FİLİSTİNLİLERE DESTEK VERMEK İSRAİL'E YARIYOR
Analizde aşıları İsrail'in kullanılmayan aşılarının Filistin'le paylaşılmasının iki taraf için de bir kazanım olacağını vurgulayan yazar, virüsün kontrol altına alınmasından İsrail'in ekonomik toparlanmasına ve uluslararası kamuoyunun gözündeki imajını düzeltmesine birçok faydayı sıralıyor.
"Tabii Filistinlilerin pandemiyle savaşmasına yardım etmenin bir de saf insani sebepleri var" diyen Berman, AstraZeneca aşılarının Filistin Yönetimi'ne gönderilmesinin İsrailli vergi mükelleflerine bir maliyeti olmadığının da altını çiziyor. Bununla birlikte Berman, Oslo Anlaşmaları'nın oluşturduğu hukuki engelin yanı sıra aşıların Filistinlilerle paylaşılmasına karşı çıkan çok sayıda İsrailli bulunduğunu da ifade ediyor.

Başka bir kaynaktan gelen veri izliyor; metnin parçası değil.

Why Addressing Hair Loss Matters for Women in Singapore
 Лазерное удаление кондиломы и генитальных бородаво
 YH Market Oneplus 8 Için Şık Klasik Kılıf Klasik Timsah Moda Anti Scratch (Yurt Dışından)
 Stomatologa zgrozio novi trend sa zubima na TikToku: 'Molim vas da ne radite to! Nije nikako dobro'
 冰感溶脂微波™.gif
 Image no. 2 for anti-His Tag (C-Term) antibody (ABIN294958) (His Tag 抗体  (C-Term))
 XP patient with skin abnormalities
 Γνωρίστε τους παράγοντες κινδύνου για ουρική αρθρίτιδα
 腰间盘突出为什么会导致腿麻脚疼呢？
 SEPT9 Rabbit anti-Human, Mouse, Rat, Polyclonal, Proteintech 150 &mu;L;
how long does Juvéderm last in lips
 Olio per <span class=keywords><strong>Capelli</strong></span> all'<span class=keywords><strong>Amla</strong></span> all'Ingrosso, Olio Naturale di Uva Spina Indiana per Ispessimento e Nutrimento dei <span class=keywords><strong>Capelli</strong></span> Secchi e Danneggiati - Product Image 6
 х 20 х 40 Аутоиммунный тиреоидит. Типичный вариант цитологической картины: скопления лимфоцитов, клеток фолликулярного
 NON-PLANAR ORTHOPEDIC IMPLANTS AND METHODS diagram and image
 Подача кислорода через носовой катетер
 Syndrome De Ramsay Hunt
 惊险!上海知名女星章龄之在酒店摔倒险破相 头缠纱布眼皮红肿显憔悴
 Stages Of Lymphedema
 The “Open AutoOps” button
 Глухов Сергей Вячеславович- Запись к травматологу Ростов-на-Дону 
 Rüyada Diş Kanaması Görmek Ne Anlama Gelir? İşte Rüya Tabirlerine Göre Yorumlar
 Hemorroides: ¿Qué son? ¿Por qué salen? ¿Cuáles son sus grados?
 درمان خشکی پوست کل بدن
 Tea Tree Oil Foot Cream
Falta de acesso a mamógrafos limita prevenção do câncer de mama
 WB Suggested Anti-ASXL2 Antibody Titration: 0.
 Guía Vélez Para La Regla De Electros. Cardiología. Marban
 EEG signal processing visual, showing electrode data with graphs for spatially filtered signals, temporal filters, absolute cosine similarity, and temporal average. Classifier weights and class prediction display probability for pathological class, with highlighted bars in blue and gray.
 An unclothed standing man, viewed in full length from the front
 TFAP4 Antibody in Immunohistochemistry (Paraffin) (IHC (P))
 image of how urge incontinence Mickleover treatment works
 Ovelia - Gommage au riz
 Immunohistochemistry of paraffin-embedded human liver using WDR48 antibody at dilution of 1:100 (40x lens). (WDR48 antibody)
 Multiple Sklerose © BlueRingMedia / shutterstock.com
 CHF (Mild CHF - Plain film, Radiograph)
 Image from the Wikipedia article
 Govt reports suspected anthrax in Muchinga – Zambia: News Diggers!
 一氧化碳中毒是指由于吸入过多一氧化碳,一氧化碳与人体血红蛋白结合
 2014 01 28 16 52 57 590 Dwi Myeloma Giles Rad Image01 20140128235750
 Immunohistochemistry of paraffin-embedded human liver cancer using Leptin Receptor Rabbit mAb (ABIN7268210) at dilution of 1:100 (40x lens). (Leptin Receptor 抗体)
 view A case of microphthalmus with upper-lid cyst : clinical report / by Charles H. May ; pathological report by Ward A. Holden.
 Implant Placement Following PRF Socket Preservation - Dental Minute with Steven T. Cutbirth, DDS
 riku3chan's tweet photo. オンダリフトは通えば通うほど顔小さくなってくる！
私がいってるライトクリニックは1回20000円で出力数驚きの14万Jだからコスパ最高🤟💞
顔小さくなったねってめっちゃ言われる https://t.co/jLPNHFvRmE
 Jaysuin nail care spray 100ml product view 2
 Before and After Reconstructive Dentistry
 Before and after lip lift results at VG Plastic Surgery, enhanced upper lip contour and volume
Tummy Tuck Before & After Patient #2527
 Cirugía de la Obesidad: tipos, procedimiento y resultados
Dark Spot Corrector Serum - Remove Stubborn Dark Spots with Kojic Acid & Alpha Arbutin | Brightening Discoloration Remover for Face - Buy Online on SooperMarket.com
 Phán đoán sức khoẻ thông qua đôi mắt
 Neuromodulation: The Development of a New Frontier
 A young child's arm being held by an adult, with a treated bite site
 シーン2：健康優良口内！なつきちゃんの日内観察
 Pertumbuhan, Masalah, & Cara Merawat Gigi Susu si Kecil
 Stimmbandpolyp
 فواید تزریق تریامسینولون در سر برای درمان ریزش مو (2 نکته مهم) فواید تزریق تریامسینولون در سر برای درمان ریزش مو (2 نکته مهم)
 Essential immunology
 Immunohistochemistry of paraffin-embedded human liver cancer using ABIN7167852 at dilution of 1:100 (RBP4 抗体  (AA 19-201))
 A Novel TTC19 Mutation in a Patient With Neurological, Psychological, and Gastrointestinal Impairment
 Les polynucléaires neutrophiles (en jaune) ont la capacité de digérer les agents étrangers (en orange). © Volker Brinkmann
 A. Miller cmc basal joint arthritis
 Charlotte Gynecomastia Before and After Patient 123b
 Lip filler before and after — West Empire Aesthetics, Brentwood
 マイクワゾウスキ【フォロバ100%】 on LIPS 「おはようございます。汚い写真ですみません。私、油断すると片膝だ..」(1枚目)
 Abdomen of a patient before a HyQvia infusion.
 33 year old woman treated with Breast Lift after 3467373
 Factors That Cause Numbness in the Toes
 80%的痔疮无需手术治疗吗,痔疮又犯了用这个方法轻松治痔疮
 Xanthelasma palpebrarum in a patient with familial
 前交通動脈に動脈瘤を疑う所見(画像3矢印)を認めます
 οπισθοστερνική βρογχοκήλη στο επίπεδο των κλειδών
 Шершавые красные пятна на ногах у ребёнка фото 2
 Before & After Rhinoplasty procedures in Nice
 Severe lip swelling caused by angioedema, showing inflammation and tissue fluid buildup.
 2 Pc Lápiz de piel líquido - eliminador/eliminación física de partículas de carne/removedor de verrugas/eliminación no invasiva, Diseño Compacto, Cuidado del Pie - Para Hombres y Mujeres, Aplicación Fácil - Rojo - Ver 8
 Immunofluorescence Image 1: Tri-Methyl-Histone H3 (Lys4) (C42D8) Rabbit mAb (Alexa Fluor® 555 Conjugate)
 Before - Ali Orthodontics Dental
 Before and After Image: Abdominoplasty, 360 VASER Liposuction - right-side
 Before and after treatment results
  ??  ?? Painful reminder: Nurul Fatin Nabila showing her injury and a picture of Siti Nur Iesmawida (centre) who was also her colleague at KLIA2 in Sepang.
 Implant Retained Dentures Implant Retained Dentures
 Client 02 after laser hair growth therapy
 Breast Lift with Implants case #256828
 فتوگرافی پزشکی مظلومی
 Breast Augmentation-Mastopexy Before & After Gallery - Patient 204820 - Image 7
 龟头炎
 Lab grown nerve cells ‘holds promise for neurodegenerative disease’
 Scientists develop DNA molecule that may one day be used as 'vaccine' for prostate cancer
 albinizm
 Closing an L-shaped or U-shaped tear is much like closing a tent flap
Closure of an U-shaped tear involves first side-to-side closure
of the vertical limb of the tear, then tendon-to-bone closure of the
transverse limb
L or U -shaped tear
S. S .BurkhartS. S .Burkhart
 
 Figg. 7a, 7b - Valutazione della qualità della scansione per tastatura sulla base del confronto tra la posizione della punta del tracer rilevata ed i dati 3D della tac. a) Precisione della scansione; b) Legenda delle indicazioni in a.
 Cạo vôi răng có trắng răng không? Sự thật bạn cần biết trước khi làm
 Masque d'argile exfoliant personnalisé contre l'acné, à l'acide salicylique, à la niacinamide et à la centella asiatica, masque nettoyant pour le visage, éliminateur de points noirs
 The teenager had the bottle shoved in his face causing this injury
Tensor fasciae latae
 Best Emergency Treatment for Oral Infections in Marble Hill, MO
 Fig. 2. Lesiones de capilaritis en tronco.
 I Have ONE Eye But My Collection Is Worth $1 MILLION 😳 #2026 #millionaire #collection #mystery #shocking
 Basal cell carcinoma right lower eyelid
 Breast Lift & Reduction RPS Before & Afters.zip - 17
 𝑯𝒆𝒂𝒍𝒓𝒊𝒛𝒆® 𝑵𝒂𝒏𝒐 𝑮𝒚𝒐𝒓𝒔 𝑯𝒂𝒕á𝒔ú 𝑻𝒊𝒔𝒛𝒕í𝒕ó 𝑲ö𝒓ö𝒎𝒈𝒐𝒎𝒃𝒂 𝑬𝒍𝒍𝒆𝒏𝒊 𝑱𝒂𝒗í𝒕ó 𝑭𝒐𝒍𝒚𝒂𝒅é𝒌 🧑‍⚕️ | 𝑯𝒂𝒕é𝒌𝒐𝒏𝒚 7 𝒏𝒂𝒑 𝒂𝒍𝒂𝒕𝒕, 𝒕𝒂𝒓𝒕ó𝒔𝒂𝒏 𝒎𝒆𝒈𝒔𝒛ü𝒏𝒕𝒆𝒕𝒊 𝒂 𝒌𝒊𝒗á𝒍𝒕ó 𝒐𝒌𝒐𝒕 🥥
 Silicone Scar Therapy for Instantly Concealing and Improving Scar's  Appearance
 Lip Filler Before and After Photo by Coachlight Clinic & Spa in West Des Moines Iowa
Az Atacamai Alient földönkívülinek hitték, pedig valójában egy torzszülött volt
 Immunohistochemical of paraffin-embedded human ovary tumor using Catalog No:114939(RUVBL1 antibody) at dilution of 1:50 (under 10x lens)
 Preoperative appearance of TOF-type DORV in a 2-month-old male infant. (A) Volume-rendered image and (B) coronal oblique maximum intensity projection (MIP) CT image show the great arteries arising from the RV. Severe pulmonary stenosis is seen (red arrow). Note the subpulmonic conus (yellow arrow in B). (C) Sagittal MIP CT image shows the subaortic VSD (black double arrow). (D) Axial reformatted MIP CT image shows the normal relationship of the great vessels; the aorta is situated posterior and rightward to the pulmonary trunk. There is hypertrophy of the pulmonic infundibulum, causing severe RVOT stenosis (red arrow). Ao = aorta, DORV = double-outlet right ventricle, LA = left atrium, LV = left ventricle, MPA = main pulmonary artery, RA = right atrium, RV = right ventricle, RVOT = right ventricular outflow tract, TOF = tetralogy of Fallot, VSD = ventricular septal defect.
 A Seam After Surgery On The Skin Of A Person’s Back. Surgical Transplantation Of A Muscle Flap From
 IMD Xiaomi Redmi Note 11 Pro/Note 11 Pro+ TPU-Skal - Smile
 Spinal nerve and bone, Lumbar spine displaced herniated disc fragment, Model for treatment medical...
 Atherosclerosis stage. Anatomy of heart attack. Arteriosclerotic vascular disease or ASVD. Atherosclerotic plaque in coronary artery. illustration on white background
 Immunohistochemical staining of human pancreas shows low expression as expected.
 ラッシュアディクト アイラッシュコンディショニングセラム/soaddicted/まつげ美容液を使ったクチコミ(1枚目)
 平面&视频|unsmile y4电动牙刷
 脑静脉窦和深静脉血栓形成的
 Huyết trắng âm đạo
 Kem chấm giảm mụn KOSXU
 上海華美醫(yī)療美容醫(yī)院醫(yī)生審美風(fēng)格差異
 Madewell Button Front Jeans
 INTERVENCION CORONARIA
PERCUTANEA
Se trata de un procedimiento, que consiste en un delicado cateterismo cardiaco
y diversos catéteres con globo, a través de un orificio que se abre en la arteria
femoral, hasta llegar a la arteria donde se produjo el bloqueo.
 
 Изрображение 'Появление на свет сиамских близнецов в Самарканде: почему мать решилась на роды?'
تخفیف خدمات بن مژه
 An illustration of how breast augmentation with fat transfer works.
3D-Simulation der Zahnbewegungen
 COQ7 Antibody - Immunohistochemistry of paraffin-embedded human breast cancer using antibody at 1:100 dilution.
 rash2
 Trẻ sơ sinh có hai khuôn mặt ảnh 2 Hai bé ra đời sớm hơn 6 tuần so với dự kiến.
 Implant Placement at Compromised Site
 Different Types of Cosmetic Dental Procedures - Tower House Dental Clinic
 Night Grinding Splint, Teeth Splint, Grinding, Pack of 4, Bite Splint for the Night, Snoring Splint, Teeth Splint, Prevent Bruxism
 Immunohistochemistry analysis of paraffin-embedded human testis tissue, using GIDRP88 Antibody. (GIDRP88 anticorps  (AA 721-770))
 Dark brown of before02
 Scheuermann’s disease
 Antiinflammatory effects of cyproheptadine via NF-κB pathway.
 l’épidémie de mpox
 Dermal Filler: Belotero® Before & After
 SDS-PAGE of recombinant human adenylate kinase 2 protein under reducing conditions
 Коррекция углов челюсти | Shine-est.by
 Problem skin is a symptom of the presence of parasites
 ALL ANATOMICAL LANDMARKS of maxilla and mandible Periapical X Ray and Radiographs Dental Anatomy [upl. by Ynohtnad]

Berman'ın altını çizdiği bir diğer nokta da Filistin topraklarındaki yetersiz altyapı sonucu özellikle Pfizer/BioNTech aşılarının saklanması ve taşınmasıyla ilgili doğabilecek sorunlar. Berman, İsrail'in sınır bölgelerinde İsrailli ve Filistinli sağlık çalışanlarının birlikte görev yaptıkları aşılama merkezleri açarak lojistik sorunların önüne geçilebilmesi seçeneğini de ortaya atıyor.
HÜKÜMET DEĞİŞİKLİĞİ FARK YARATIR MI?
Diğer yandan İsrail bir siyasi krizin içinde. Geçtiğimiz günlerde yapılan seçimlerin ardından Cumhurbaşkanı Reuven Rivlin'den hükümeti kurma görevini alan Binyamin Netanyahu'nun koalisyon görüşmeleri başarısız oldu.
Rivlin önümüzdeki günlerde görevi başka bir parti liderine verecek ve süreç yeniden başlayacak. Buradan çıkacak sonuç İsrail hükümetinin Filistinlilerin aşılanmasına dair duruşunda bir değişimin önünü açabilir. Ancak şimdilik Filistinliler eldeki aşılarla idare etmek zorunda gibi görünüyor.